---------- Given data ----------

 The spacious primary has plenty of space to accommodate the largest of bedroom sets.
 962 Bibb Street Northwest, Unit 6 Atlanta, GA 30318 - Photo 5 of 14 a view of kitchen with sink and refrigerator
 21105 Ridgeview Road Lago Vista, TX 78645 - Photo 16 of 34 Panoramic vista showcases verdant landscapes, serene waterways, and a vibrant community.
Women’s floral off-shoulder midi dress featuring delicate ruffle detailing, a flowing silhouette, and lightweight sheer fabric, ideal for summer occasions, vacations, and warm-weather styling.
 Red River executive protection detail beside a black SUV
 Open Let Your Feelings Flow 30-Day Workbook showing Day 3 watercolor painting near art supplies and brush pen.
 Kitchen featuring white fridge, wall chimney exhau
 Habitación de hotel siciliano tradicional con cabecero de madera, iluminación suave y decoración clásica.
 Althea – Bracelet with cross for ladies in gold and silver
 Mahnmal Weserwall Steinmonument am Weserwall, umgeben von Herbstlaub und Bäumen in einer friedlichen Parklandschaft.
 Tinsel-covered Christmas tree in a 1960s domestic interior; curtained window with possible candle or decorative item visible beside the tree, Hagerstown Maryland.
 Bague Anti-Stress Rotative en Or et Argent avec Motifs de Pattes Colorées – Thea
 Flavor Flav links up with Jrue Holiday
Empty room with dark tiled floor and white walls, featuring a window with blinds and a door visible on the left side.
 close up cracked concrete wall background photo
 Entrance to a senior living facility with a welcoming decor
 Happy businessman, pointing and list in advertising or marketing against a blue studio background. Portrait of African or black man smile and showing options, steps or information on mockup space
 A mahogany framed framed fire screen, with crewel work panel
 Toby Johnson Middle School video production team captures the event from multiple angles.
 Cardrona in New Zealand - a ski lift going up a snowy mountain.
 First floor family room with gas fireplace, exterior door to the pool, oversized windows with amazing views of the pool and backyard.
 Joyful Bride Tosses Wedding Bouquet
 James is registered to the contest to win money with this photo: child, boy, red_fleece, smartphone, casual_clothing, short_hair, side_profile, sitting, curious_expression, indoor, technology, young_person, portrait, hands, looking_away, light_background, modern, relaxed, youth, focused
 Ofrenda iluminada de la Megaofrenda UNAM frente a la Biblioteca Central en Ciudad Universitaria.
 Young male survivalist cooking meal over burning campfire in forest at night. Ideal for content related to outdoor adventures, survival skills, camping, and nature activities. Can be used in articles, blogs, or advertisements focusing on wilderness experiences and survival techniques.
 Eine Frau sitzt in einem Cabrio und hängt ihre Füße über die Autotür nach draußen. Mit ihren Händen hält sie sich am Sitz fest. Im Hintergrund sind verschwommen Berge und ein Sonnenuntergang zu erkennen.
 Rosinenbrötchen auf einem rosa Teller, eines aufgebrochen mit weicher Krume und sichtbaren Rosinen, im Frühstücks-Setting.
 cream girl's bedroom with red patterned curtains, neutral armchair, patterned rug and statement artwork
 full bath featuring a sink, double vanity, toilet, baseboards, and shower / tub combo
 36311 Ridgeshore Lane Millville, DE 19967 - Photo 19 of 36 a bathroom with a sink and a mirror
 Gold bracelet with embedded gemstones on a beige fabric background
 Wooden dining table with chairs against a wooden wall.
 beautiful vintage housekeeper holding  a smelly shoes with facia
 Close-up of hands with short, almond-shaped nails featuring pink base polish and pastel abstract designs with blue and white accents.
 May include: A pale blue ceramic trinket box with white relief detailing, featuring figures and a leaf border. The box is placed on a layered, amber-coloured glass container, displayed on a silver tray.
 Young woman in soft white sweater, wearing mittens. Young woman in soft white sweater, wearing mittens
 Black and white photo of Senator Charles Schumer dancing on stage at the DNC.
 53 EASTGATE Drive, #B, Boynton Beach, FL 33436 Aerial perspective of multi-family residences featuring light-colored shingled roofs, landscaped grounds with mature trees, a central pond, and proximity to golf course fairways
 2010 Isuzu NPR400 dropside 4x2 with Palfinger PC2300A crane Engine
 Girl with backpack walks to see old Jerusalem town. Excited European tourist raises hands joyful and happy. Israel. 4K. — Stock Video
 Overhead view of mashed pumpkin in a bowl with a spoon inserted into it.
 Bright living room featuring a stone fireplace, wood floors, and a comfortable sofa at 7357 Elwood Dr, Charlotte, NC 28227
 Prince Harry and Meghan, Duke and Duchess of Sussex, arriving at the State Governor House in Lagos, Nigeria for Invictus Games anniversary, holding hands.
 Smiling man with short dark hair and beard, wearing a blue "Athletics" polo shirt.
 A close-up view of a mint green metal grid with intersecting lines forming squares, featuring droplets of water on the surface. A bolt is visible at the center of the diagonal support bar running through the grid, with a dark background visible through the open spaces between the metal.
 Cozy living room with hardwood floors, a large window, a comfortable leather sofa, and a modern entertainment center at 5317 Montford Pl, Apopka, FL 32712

----------

Activity:
Repeat all the records without altering a single word.

Answer area:
 The spacious primary has plenty of space to accommodate the largest of bedroom sets.
 962 Bibb Street Northwest, Unit 6 Atlanta, GA 30318 - Photo 5 of 14 a view of kitchen with sink and refrigerator
 21105 Ridgeview Road Lago Vista, TX 78645 - Photo 16 of 34 Panoramic vista showcases verdant landscapes, serene waterways, and a vibrant community.
Women’s floral off-shoulder midi dress featuring delicate ruffle detailing, a flowing silhouette, and lightweight sheer fabric, ideal for summer occasions, vacations, and warm-weather styling.
 Red River executive protection detail beside a black SUV
 Open Let Your Feelings Flow 30-Day Workbook showing Day 3 watercolor painting near art supplies and brush pen.
 Kitchen featuring white fridge, wall chimney exhau
 Habitación de hotel siciliano tradicional con cabecero de madera, iluminación suave y decoración clásica.
 Althea – Bracelet with cross for ladies in gold and silver
 Mahnmal Weserwall Steinmonument am Weserwall, umgeben von Herbstlaub und Bäumen in einer friedlichen Parklandschaft.
 Tinsel-covered Christmas tree in a 1960s domestic interior; curtained window with possible candle or decorative item visible beside the tree, Hagerstown Maryland.
 Bague Anti-Stress Rotative en Or et Argent avec Motifs de Pattes Colorées – Thea
 Flavor Flav links up with Jrue Holiday
Empty room with dark tiled floor and white walls, featuring a window with blinds and a door visible on the left side.
 close up cracked concrete wall background photo
 Entrance to a senior living facility with a welcoming decor
 Happy businessman, pointing and list in advertising or marketing against a blue studio background. Portrait of African or black man smile and showing options, steps or information on mockup space
 A mahogany framed framed fire screen, with crewel work panel
 Toby Johnson Middle School video production team captures the event from multiple angles.
 Cardrona in New Zealand - a ski lift going up a snowy mountain.
 First floor family room with gas fireplace, exterior door to the pool, oversized windows with amazing views of the pool and backyard.
 Joyful Bride Tosses Wedding Bouquet
 James is registered to the contest to win money with this photo: child, boy, red_fleece, smartphone, casual_clothing, short_hair, side_profile, sitting, curious_expression, indoor, technology, young_person, portrait, hands, looking_away, light_background, modern, relaxed, youth, focused
 Ofrenda iluminada de la Megaofrenda UNAM frente a la Biblioteca Central en Ciudad Universitaria.
 Young male survivalist cooking meal over burning campfire in forest at night. Ideal for content related to outdoor adventures, survival skills, camping, and nature activities. Can be used in articles, blogs, or advertisements focusing on wilderness experiences and survival techniques.
 Eine Frau sitzt in einem Cabrio und hängt ihre Füße über die Autotür nach draußen. Mit ihren Händen hält sie sich am Sitz fest. Im Hintergrund sind verschwommen Berge und ein Sonnenuntergang zu erkennen.
 Rosinenbrötchen auf einem rosa Teller, eines aufgebrochen mit weicher Krume und sichtbaren Rosinen, im Frühstücks-Setting.
 cream girl's bedroom with red patterned curtains, neutral armchair, patterned rug and statement artwork
 full bath featuring a sink, double vanity, toilet, baseboards, and shower / tub combo
 36311 Ridgeshore Lane Millville, DE 19967 - Photo 19 of 36 a bathroom with a sink and a mirror
 Gold bracelet with embedded gemstones on a beige fabric background
 Wooden dining table with chairs against a wooden wall.
 beautiful vintage housekeeper holding  a smelly shoes with facia
 Close-up of hands with short, almond-shaped nails featuring pink base polish and pastel abstract designs with blue and white accents.
 May include: A pale blue ceramic trinket box with white relief detailing, featuring figures and a leaf border. The box is placed on a layered, amber-coloured glass container, displayed on a silver tray.
 Young woman in soft white sweater, wearing mittens. Young woman in soft white sweater, wearing mittens
 Black and white photo of Senator Charles Schumer dancing on stage at the DNC.
 53 EASTGATE Drive, #B, Boynton Beach, FL 33436 Aerial perspective of multi-family residences featuring light-colored shingled roofs, landscaped grounds with mature trees, a central pond, and proximity to golf course fairways
 2010 Isuzu NPR400 dropside 4x2 with Palfinger PC2300A crane Engine
 Girl with backpack walks to see old Jerusalem town. Excited European tourist raises hands joyful and happy. Israel. 4K. — Stock Video
 Overhead view of mashed pumpkin in a bowl with a spoon inserted into it.
 Bright living room featuring a stone fireplace, wood floors, and a comfortable sofa at 7357 Elwood Dr, Charlotte, NC 28227
 Prince Harry and Meghan, Duke and Duchess of Sussex, arriving at the State Governor House in Lagos, Nigeria for Invictus Games anniversary, holding hands.
 Smiling man with short dark hair and beard, wearing a blue "Athletics" polo shirt.
 A close-up view of a mint green metal grid with intersecting lines forming squares, featuring droplets of water on the surface. A bolt is visible at the center of the diagonal support bar running through the grid, with a dark background visible through the open spaces between the metal.
 Cozy living room with hardwood floors, a large window, a comfortable leather sofa, and a modern entertainment center at 5317 Montford Pl, Apopka, FL 32712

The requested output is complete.